Le plus étrange fut sans doute cette citation de Robert Charlebois, qui est arrivée sur la glace comme un cheveu dans la soupe à la fin du discours du président du comité organisateur. Voulant éviter à nouveau un incident diplomatique avec les frogs du Québec, le président a lancé dans un français approximatif: «Comme le dit Robert Charlebois: «Adieu, tu seras toujours mon plus beau souvenir.»» Dommage que le président se soit gardé de citer la suite: «Adieu, je t'oublierai deux cents fois par jour, je boirai pour calmer l'oubli, tous les verres de Gainsbourg...»
Hormis cette brève citation lancée dans la langue de Charlebois mais avec l'accent de Stephen Harper, le français a été mieux servi en fermeture qu'en ouverture. Reste que même les plus nobles efforts de bilinguisme concerté n'ont pas réussi à faire en sorte que le français dépasse le statut de garniture sur le gâteau anglo-saxon. Une fois de plus, on a cru que de saupoudrer un «merci, bonsoir» par-ci par-là serait suffisant pour calmer les esprits et donner l'apparence d'un bilinguisme qui, dans les faits, n'existe pas.
Côté spectacle, le fait français était tout simplement absent. Ce à quoi nous avons eu droit dimanche soir était d'abord et avant tout une grossière folklorisation du Canada, dans laquelle le Québec brillait par son absence. En fait, ce n'est pas tout à fait juste. Il y avait bien deux canots d'écorce et trois draveurs sur fond de rigodon à la sauce Bottine souriante pour représenter le Québec tel qu'il était en 1810, mais rien pour illustrer son évolution, sa modernité ni sa place singulière dans le vaste Canada.
Difficile de ne pas s'en plaindre quand on pense que c'est un skieur québécois qui a offert au Canada sa toute première médaille d'or, que c'est une patineuse artistique québécoise qui lui a offert son moment le plus poignant et que, sans le dynamisme et la combativité des athlètes québécois, le Canada n'aurait pas réussi à battre son propre record olympique ni à obtenir le plus grand nombre de médailles d'or de toute son histoire.
Mais tout cela n'est pas très nouveau. Pas plus que ne l'était cette débauche de rouge tonitruant, rappelant les beaux jours de la propagande maoïste, cette orgie de drapeaux canadiens et de feuilles d'érable créant une mer rouge envahissante et incontournable, qui illustrait mieux que n'importe quel discours non seulement la prédominance canadienne, mais aussi la non-existence québécoise.

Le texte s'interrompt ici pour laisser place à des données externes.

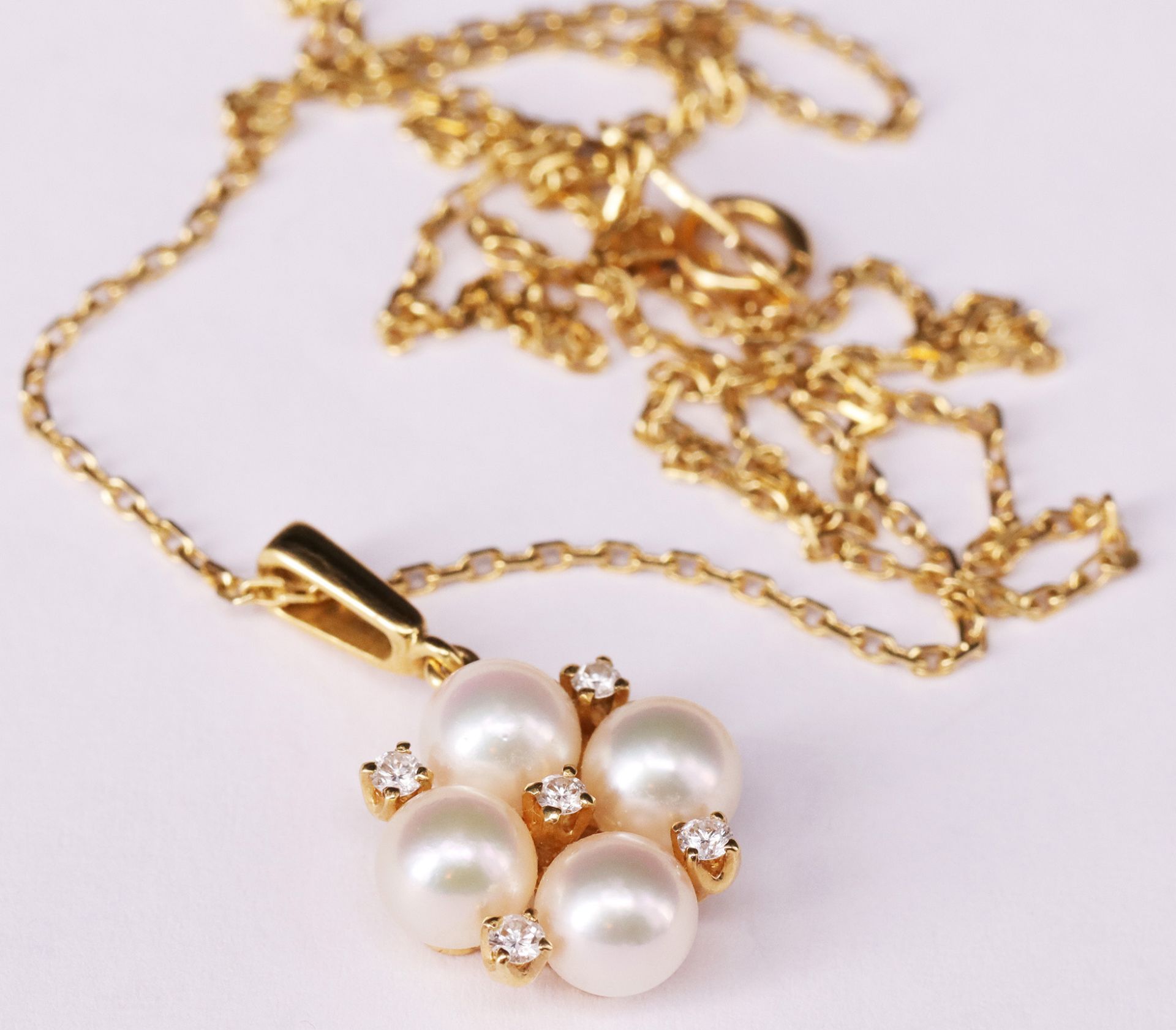 Anhänger mit Perlen und Diamanten, dazu Goldkette / Pendant with pearls and diamonds, plus a gold - Bild 2 aus 3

Surtout, ne pensez pas que je viens de découvrir quelque chose. Je sais très bien qu'une manifestation internationale comme les Jeux olympiques est une affaire de pays dûment constitués et que, par conséquent, la représentation symbolique québécoise n'a pas sa place. Mais difficile de ne pas éprouver un choc visuel quand, 365 jours sur 365, chez nous, c'est le bleu qui domine.
Difficile de s'identifier à une couleur qui devient officiellement la nôtre une fois tous les deux ou quatre ans. Heureusement que, à la fin, le cliché rouge canadien s'est estompé pour laisser parler la musique canadienne. C'était à mon avis la partie la plus réussie de la soirée, celle qui a su mettre en valeur aussi bien la simplicité émouvante du grand Neil Young tout seul au pied du vaste feu de camp, que la magnifique voix d'Alanis Morissette, le rock accrocheur d'Avril Lavigne ou l'alterno-pop vitaminée du groupe Hedley.

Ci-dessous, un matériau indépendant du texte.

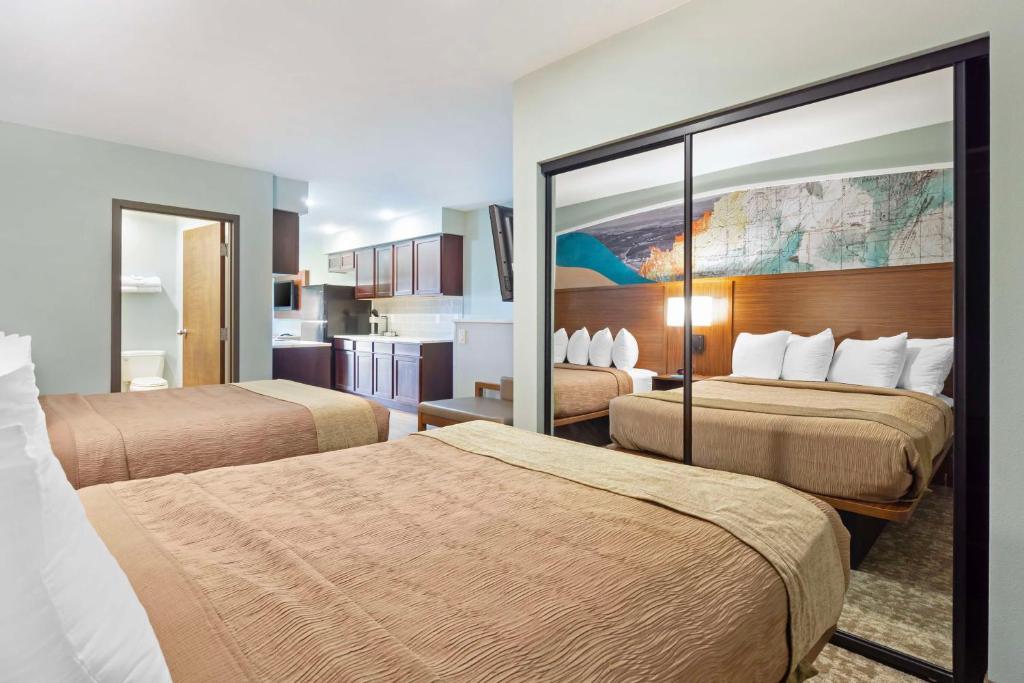 Postel nebo postele na pokoji v ubytování Best Western Plus Ahtanum Inn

Pour ce qui est du volet québécois, qui a vu défiler Simple Plan, Marie-Mai et Eva Avila, on avait de toute évidence choisi des artistes passe-partout, capables de remplir leur mandat et de sonner aussi professionnels que des Américains. Seule Nikki Yanofsky, une incroyable Montréalaise de 16 ans, sortait du lot avec sa voix riche, jazzée et envoûtante. Si seulement Nikki avait pu chanter «Mon pays, ce n'est pas un pays, c'est une police montée», le Canada et le Québec auraient été une dernière fois vraiment unis et la boucle aurait été bouclée.